A quiet update to the App Store Guidelines by Apple now limits how developers can access and use user data, particularly as it applies to contacts data. Developers can no longer make databases from address book information gathered from users, selling and sharing that address book data with third-parties is also not allowed, and when requesting permissions for address book access, apps need to ensure they’re using the address book for specifically that purpose and nothing else, unless the app asks again for permission.
While there are minor changes coming to Apple’s Music app as part of iOS 12, Apple Music itself is seeing a number of changes today. A new “coming soon” section lists albums set to release within the next few weeks, the expected release date of an album is now displayed on any upcoming album, and on the Mac, iTunes now shows a slightly redesigned artist profile page that lets you shuffle all of their tracks.
DPReview points out improvements to the photo import process on an iPad Pro running iOS 12. The Photos import overlay now shows up as an overlay on top of whatever you’re already looking at, images that have been imported are automatically detected and moved to a separate section to reduce the chance of duplicates, and full-screen previews give you a better idea of the photos that you’re importing before you decide to import everything. Oh, and the entire import process seems to be much faster.
Native support for podcasts on the Apple Watch with watchOS 5 means reliable background playback. But if you’re firmly ensconced within a third-party podcast app like Pocket Casts, Overcast, or Castro, will they be able to do the same thing? The survey seems to point to mostly yes, with Pocket Casts saying that while downloading podcasts to the Apple Watch will be possible, streaming likely won’t be.

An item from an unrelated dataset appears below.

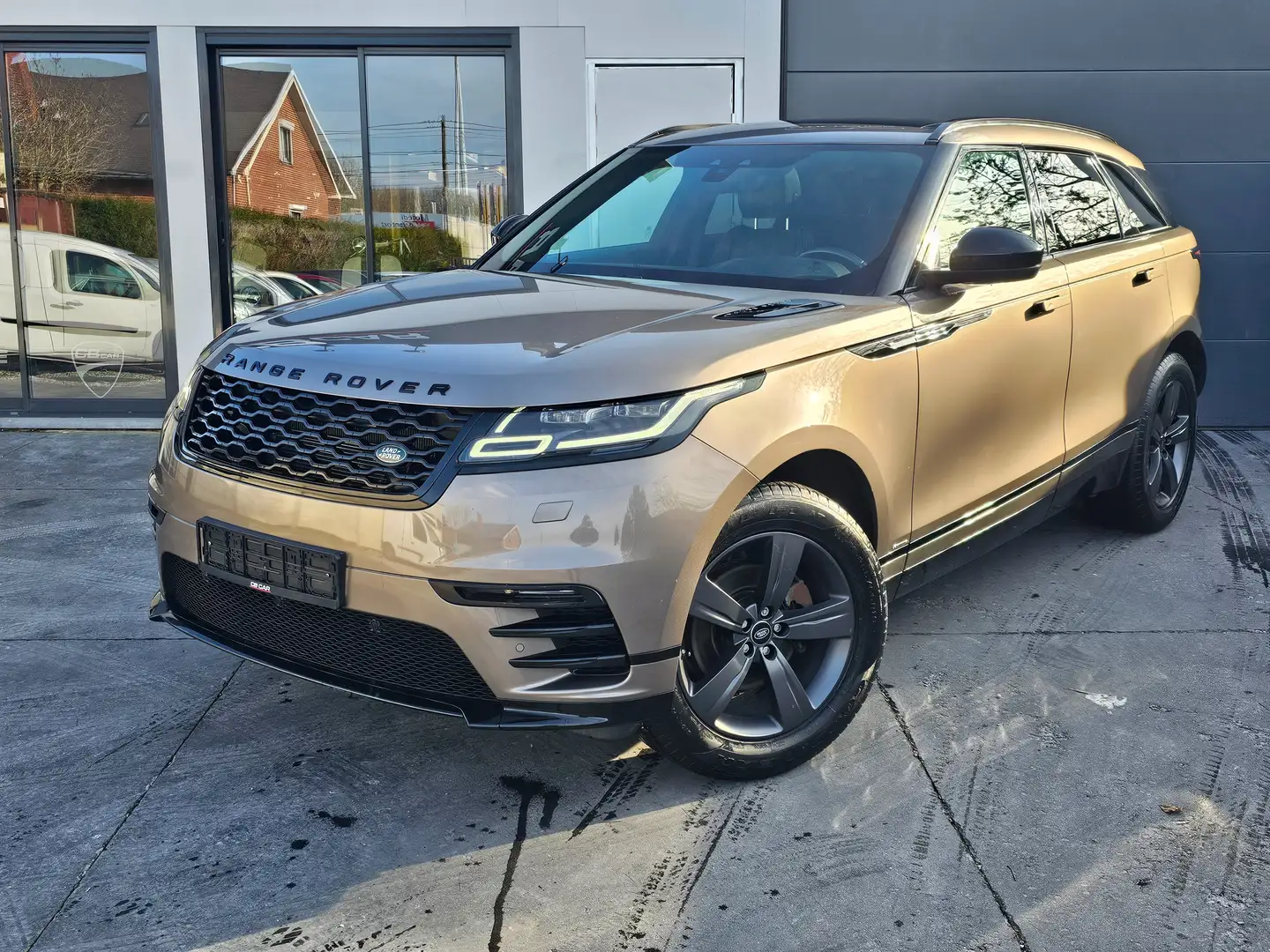 Land Rover Range Rover Velar Velar 2.0 TD4 R-Dynamic (EU6b) Or - 2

The good news is, notifications are good now in iOS 12. The Verge’s Dieter Bohn pointed out four aspects of notifications that Android does better, and with iOS 12, Apple now handles three out of four: “Notifications can be grouped, it’s easier to make them silently appear, and, most importantly, you can directly manage settings from the notification itself”. The only one not addressed seems to be the prioritisation of notifications, but we’ll let that one slide.
With no new hardware released at WWDC, it kind of means the rest of the year will be when Apple has to deliver hardware updates. Cnet says spec bumps aren’t going to cut it, and that Mac hardware, in particular, needs to have some key issues addressed to win back the hearts and minds of Mac faithful.

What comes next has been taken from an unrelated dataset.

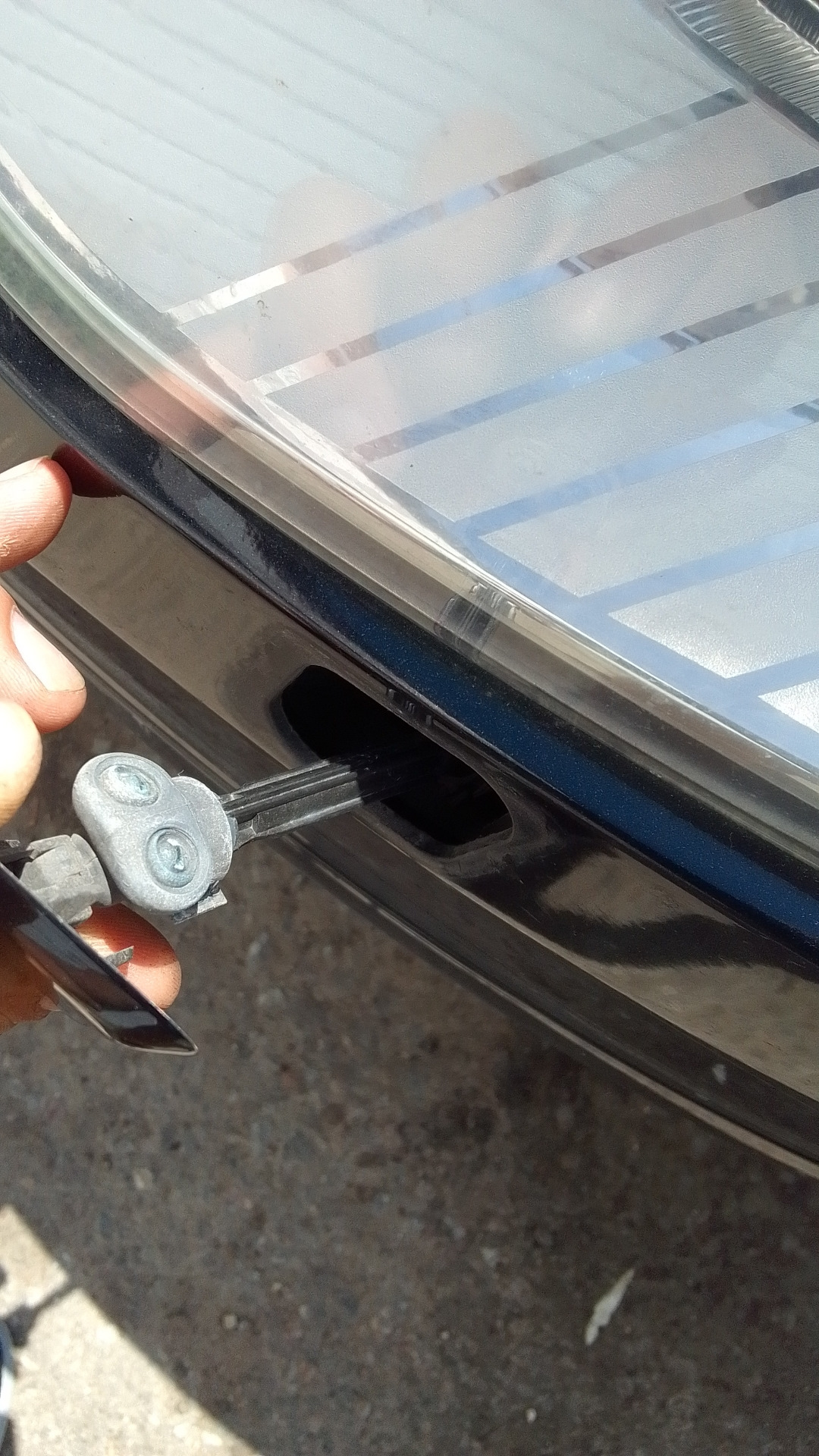 12. Замена форсунки омыватель фар — Ford Galaxy (Mk III), 2,3 л, 2008 ...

Over at MacStories, Federico Viticci breaks down Siri Shortcuts as the new and improved iOS automation. Building on the foundations of Workflow, Siri Shortcuts will bring a whole new aspect to voice-controlled automation, and while it’s still too early to comment how this will all pan out, what Apple showed off has a lot of potential, and that’s enough to get excited about.
A similar piece on how Siri Shortcuts will revolutionise iOS automation from David Sparks says of all the possible outcomes of Apple’s Workflow acquisition, this is definitely one of the best. It’s not just about being able to ask Siri for one of your custom shortcuts, it’s also about being to perform integrations with the system that were never possible before when Workflow was a third-party app.
Quartz tells us this morning that Apple has killed fun. The Apple of 2008 had a colourful lineup of iPods, and while I enjoy the modern/luxury look of many of Apple’s products today in sensible colour schemes, we need more fun. How about some fun new watch bands that aren’t just muted pastels?